McKiernan's latest is set in the same fantasy-world as his previous Iron Tower and Silver Call series, with some of the characters in common. As the comet of the title hangs over the Boskydells of Mithgar, the immortal Elves Riatha and Aravan set off in search of a magic silver sword lost a thousand years ago to a mysterious, evil, yellow-eyed Man; they are joined by two Warrows, Gwylly and Faeril, looking to fulfil a thousand-year-old prophecy. Together, they dig from a glacier the shapeshifting Man/Bear, Baeran, imprisoned in the ice for a millennium along with their mutual enemy--the unspeakable shapeshifter, torturer, necromancer and all-round bad hat Baron Stoke, who escapes from the glacier just before our heroes arrive. From polar ice to broiling desert, the heroes search for clues to Stoke's whereabouts, beset all the while by the Baron's foul and treacherous minions--though not, surprisingly enough, with the fate of the world hanging in the balance. The expected showdown ensues.
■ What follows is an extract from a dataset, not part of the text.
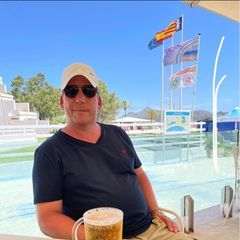 Profile Picture of michaelknpel (@michaelknpel) on Tiktok
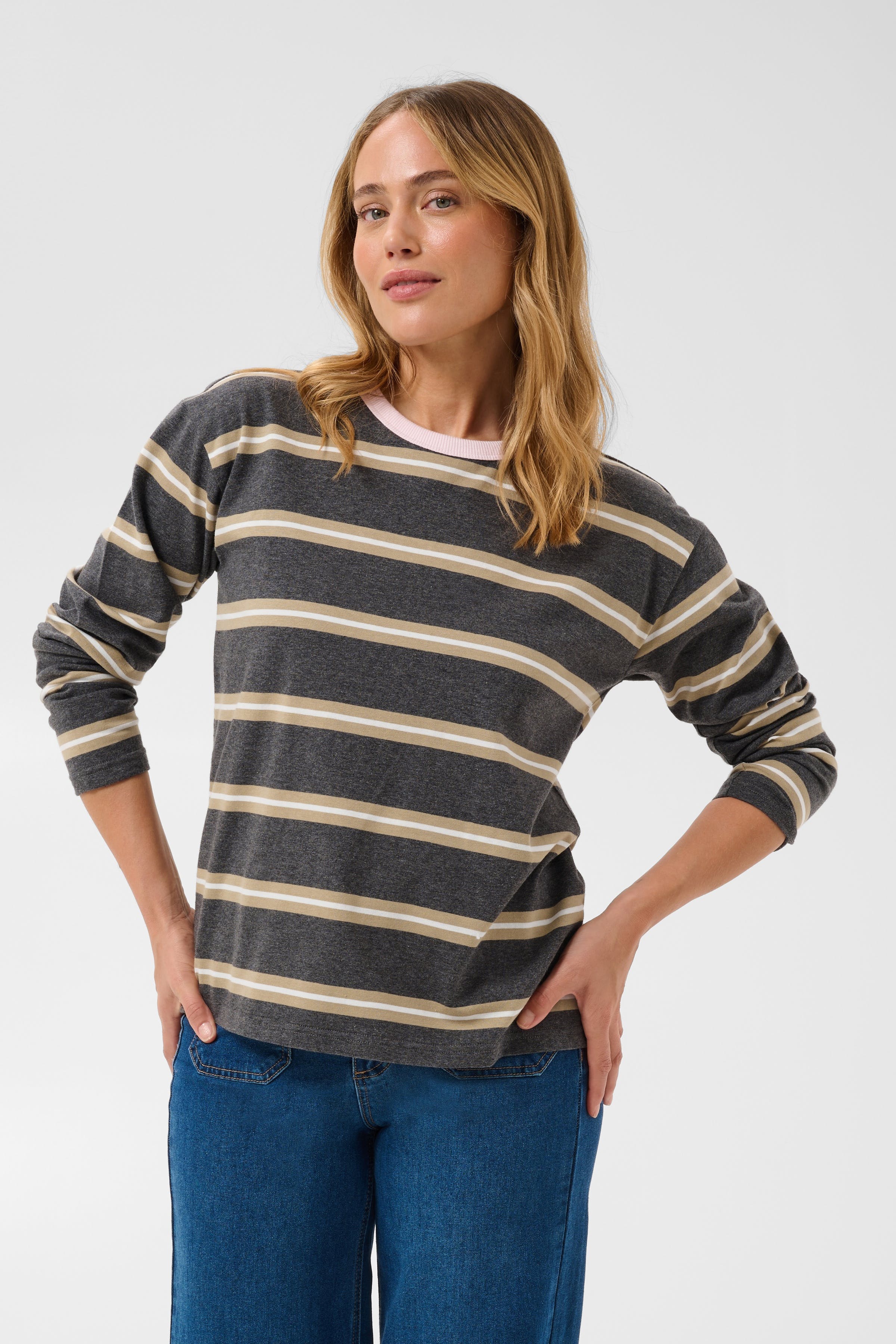 KAwinny T-shirt LOOKBOOK FRONT 10513105-1000732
As a Tolkien-imitator and borrower of other people's best bits, McKiernan stands second to none. If he himself has ever had an original idea, it isn't apparent here. Neither has he contrived to master his craft, and the upshot is misshapen plotting in a narrative comprising irregular chunks of, variously, homespun preaching, saccharine sentiment, splatterpunk gore, and wearisomely lavish padding. Given these ingredients, bestsellerdom is in the cards.